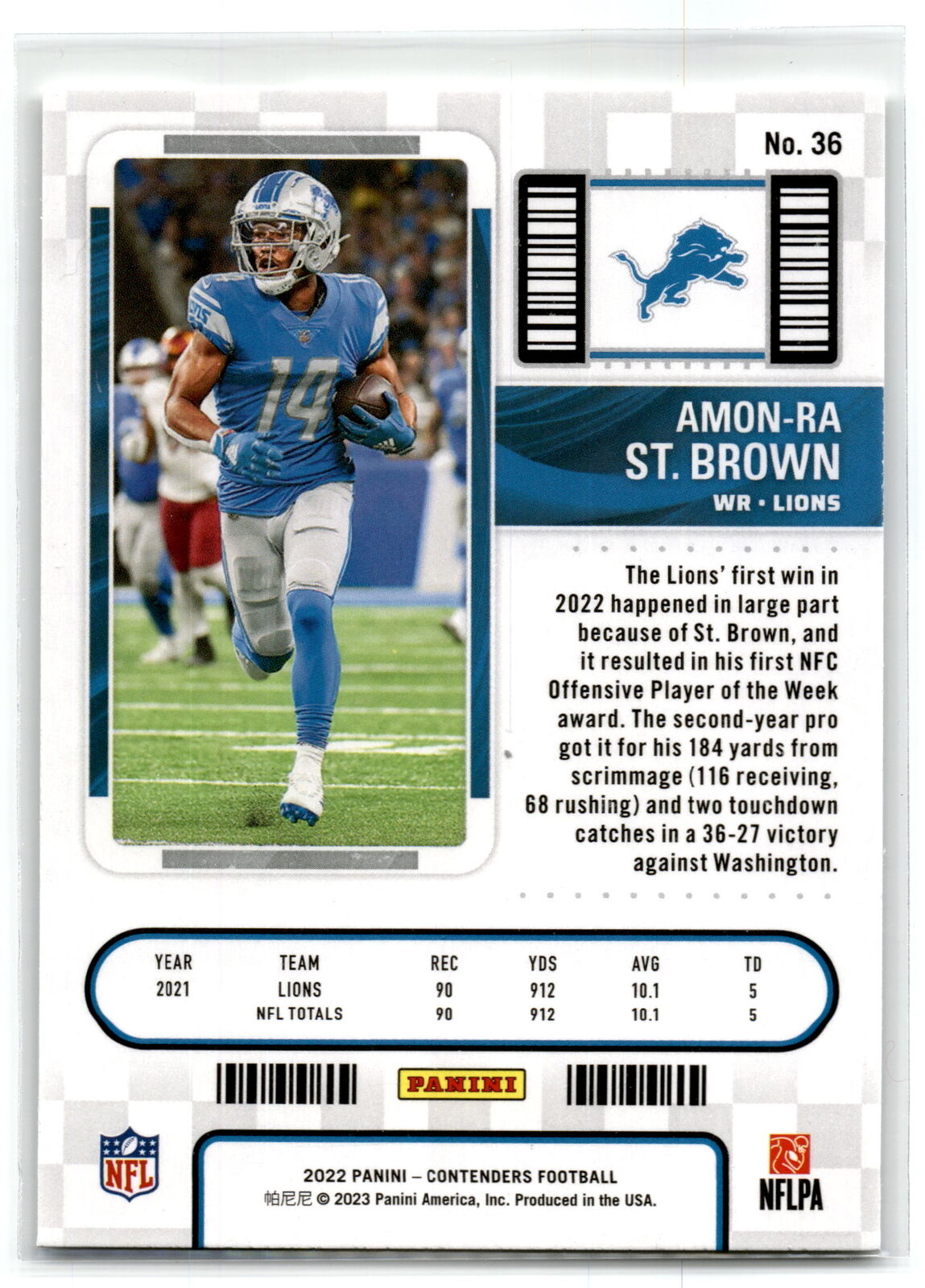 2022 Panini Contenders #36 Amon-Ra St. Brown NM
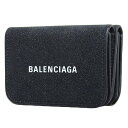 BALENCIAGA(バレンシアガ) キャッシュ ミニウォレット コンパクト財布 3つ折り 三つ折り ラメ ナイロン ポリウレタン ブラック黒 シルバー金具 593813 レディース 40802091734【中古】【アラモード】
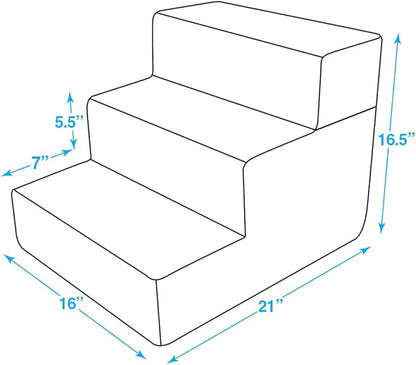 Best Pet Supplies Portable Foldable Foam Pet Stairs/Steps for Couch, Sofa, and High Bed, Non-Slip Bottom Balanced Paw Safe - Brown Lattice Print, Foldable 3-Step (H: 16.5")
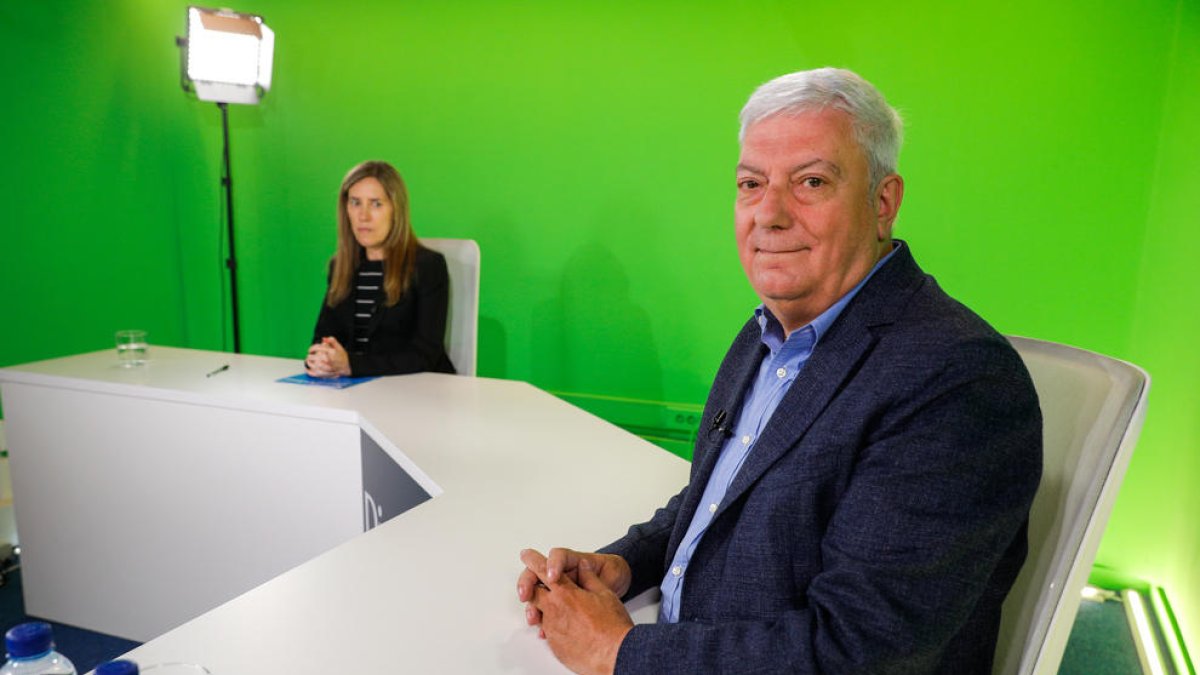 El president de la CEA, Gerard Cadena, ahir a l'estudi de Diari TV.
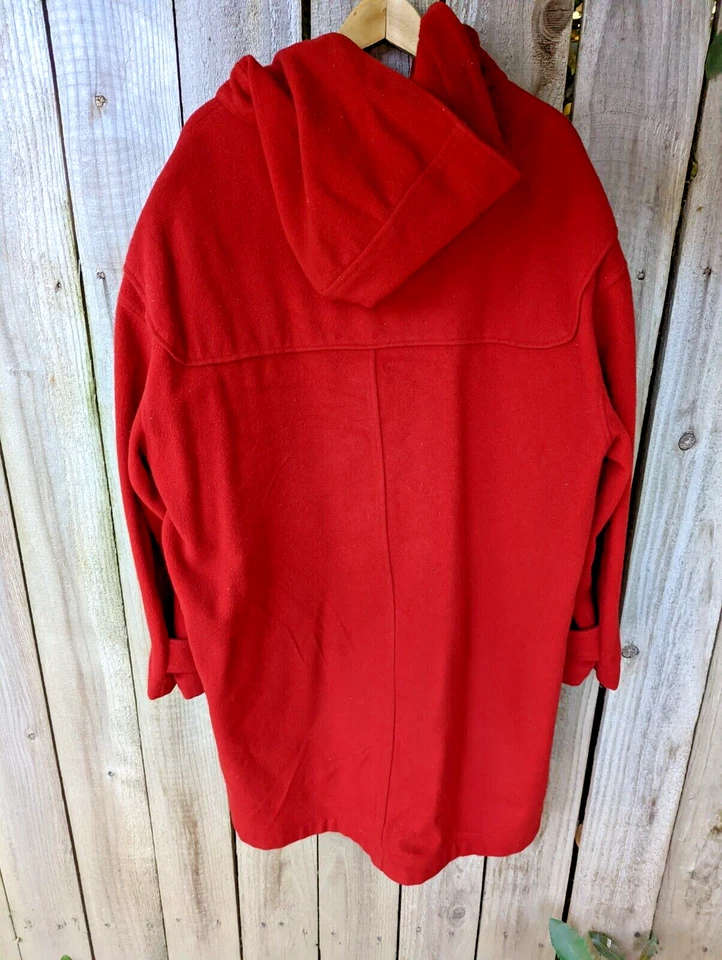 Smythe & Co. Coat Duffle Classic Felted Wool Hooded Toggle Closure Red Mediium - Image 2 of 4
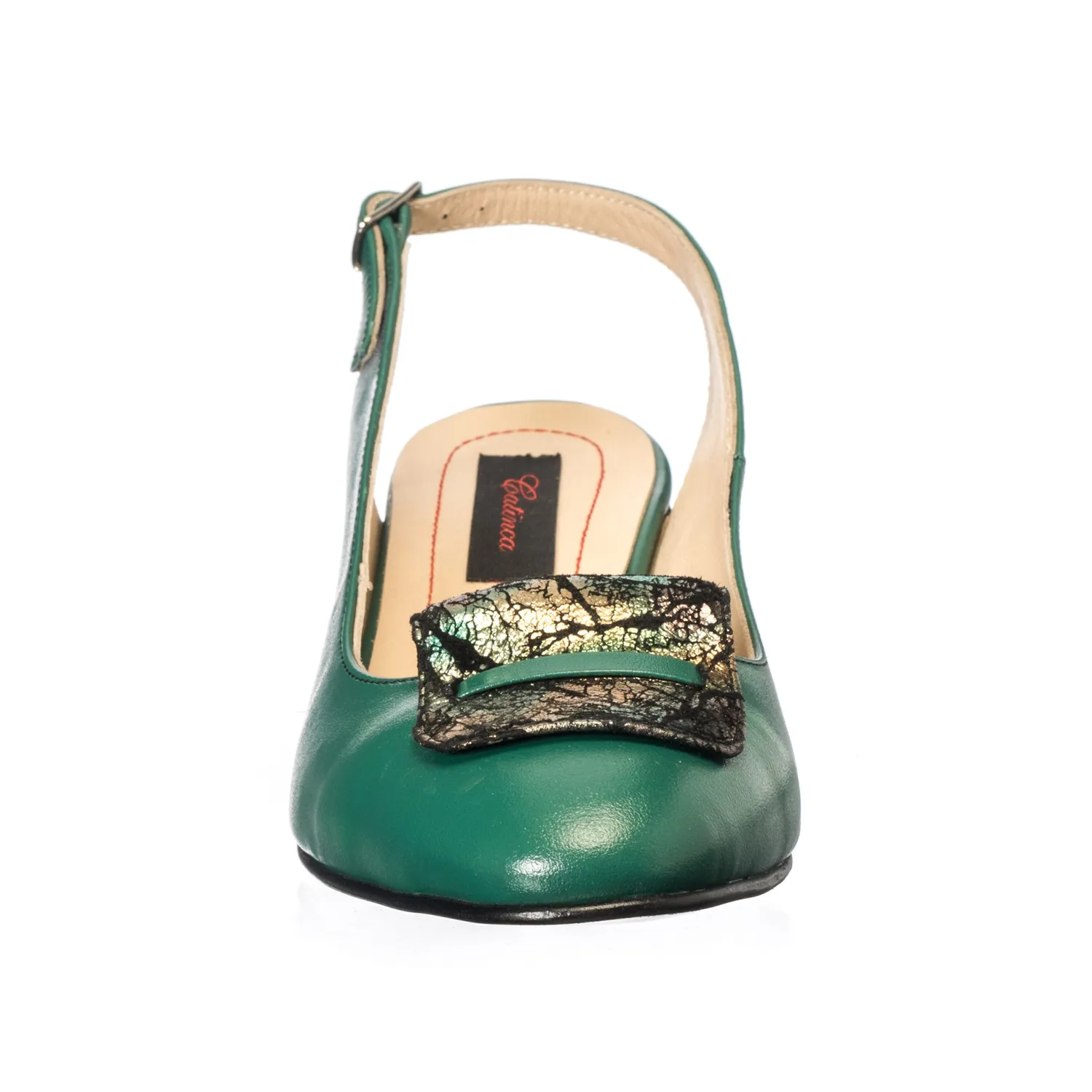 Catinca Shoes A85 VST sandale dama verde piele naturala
☆ ☆ ☆
## EXERCISE OBJECTIVE
In your copy of the listing, please omit the pictures and keep every word exact.

## TASK ANSWER
 2022 Panini Contenders #36 Amon-Ra St. Brown NM
 BALENCIAGA(バレンシアガ) キャッシュ ミニウォレット コンパクト財布 3つ折り 三つ折り ラメ ナイロン ポリウレタン ブラック黒 シルバー金具 593813 レディース 40802091734【中古】【アラモード】
 Best Pet Supplies Portable Foldable Foam Pet Stairs/Steps for Couch, Sofa, and High Bed, Non-Slip Bottom Balanced Paw Safe - Brown Lattice Print, Foldable 3-Step (H: 16.5")
 El president de la CEA, Gerard Cadena, ahir a l'estudi de Diari TV.
 Smythe & Co. Coat Duffle Classic Felted Wool Hooded Toggle Closure Red Mediium - Image 2 of 4
 Catinca Shoes A85 VST sandale dama verde piele naturala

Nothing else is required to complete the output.